Im EU-Parlament herrschte wegen des positiven Berichts Verblüffung. Noch am Montag kursierte eine Vorversion des Berichts in Brüssel, der deutlich schärfere Worte fand und von einem „Stillstand“ der Reformbemühungen berichtete. Frattini gab dies indirekt zu: Es sei das Recht der Kommission, „technische Berichte politisch zu bewerten“ und andere Schlussfolgerungen zu ziehen.
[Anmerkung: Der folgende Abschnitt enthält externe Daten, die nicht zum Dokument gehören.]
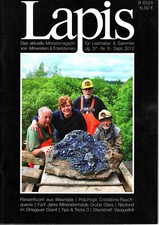 Lapis magazin 2012 gebraucht kaufen  München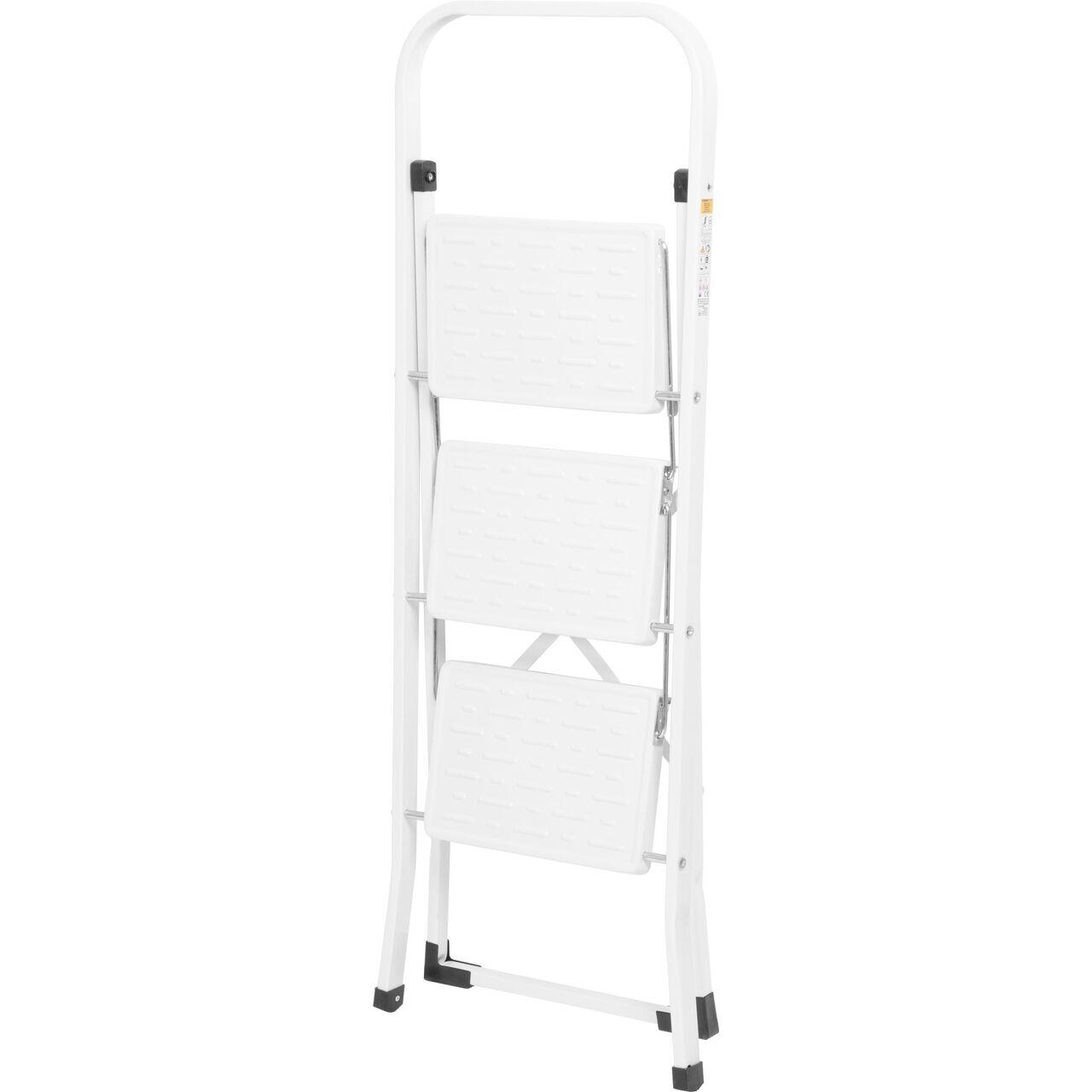 Acéllétra, 3 fokos, max. 150 kg, 113,5 cm, Strend Pro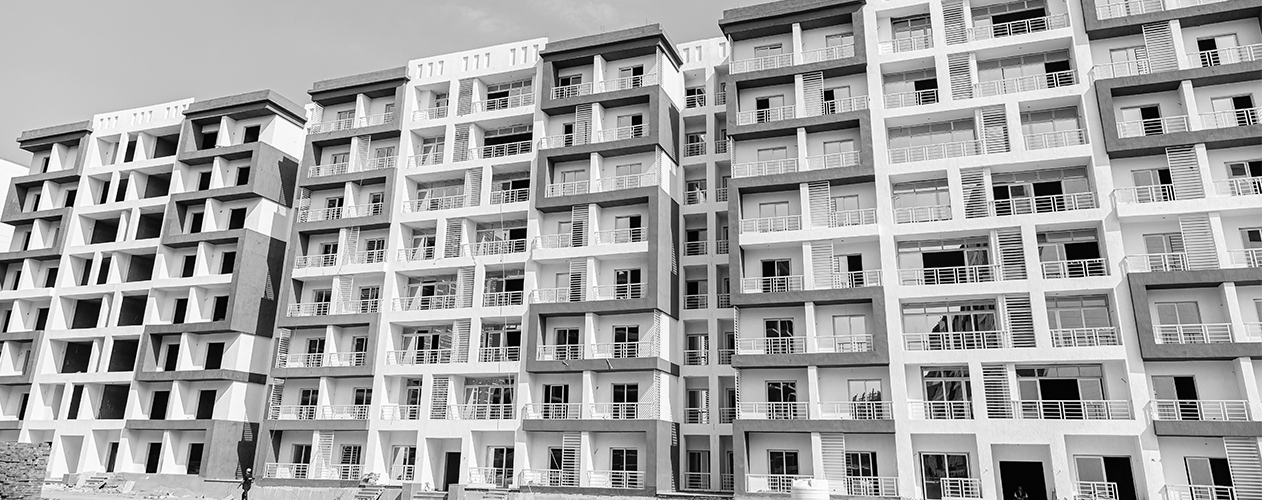 جانب من زيارة عملاء "ماستر جروب" لمتابعة اخر تطورات البناء بمشروع "ذا سيتي" العاصمة الادارية الجديدة بتاريخ ٢٩ يوليو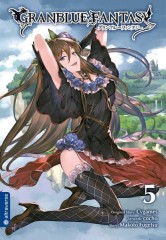 Altraverse Granblue Fantasy, Band 05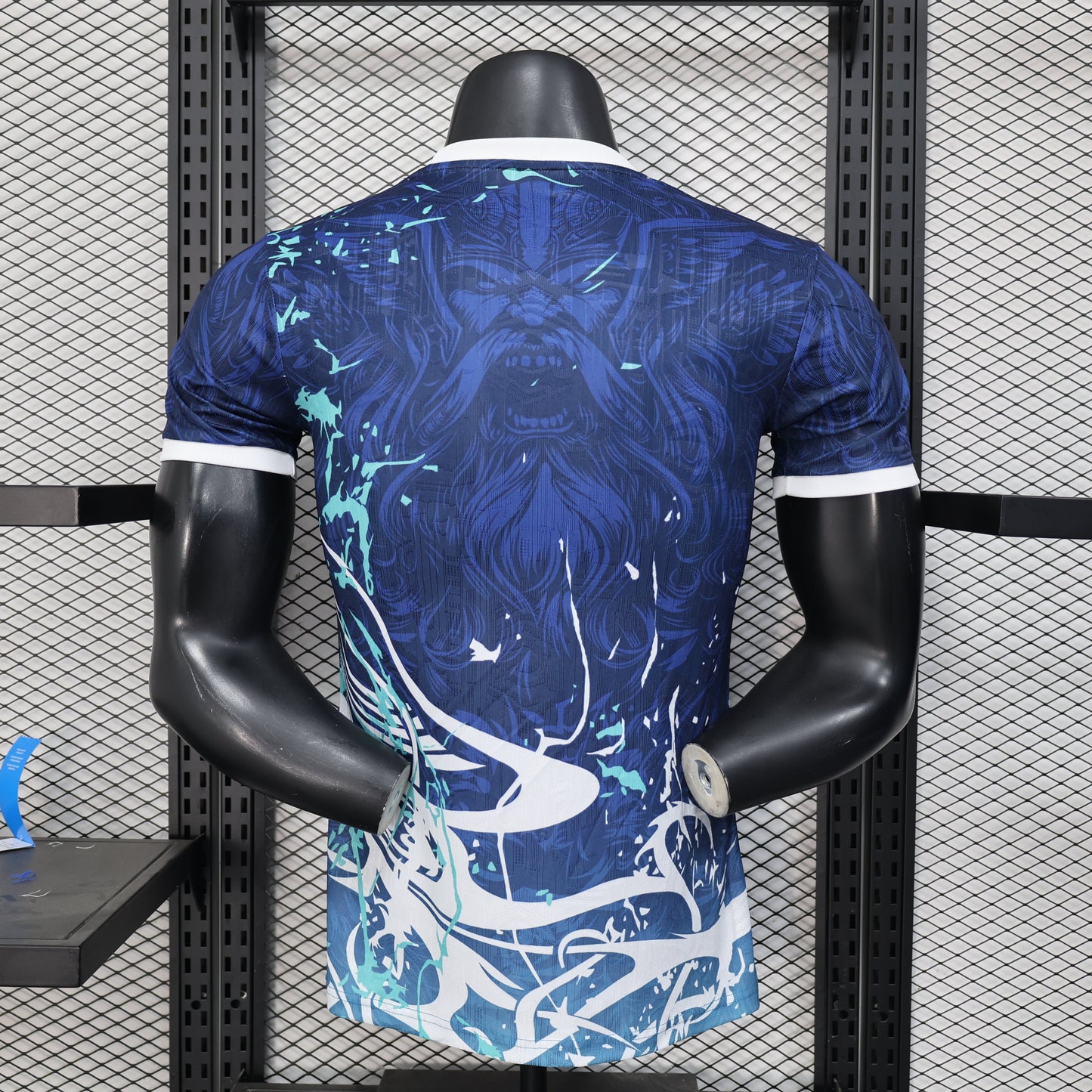 Real Madrid “Valhalla Warrior” Kit 25/26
Elmar Brok, Mitglied im Auswärtigen Ausschuss des Europäischen Parlaments, kritisierte, die Kommission habe zwar klare Defizite im Justiz- und Rechtswesen sowie bei der Korruptionsbekämpfung festgestellt. „Allerdings hat sie nicht die notwendigen Konsequenzen daraus gezogen und die in den Beitrittsverträgen vorgesehenen Schutzklauseln aktiviert. Stattdessen beschränkt sie sich darauf, die Entwicklung zunächst bis zum Frühjahr 2008 weiter zu beobachten.“ Dadurch würden auch die Reformanstrengungen in Bulgarien und Rumänien unterminiert, meinte der deutsche Abgeordnete. (Michael Moravec aus Brüssel/DER STANDARD, Printausgabe, 28.6.2007)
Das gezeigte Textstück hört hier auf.